DATA BELOW below:
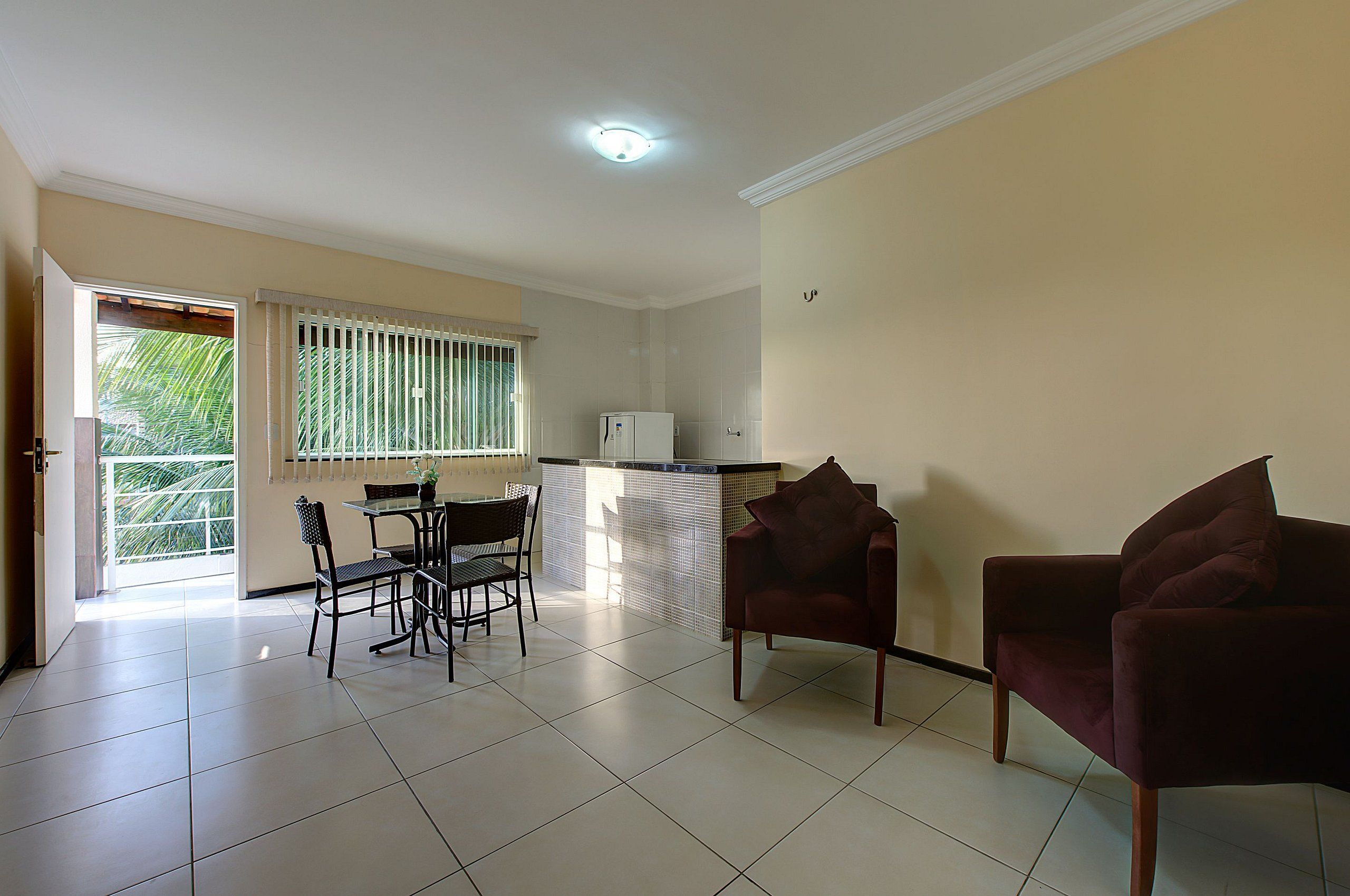 Un amplio espacio habitable con una mesa de comedor, dos sillas, un sofá y un refrigerador.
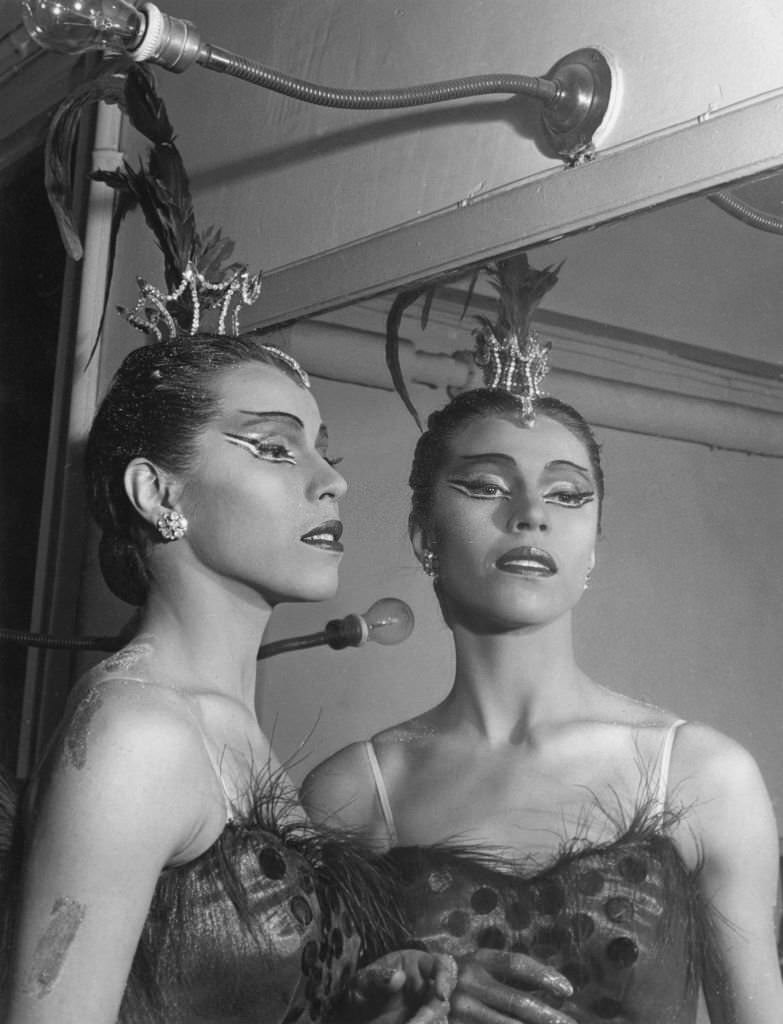 Maria Tallchief near a mirror wearing ballet costume and make-up for choreography 'Firebird', 1950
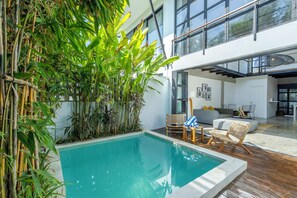 Una piscina al aire libre, sillones reclinables de piscina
End of DATA BELOW.
▸ **REQUIRED ACTION**: Output the lines above verbatim, images excluded.

▸ **YOUR SOLUTION**:
 Un amplio espacio habitable con una mesa de comedor, dos sillas, un sofá y un refrigerador.
 Maria Tallchief near a mirror wearing ballet costume and make-up for choreography 'Firebird', 1950
 Una piscina al aire libre, sillones reclinables de piscina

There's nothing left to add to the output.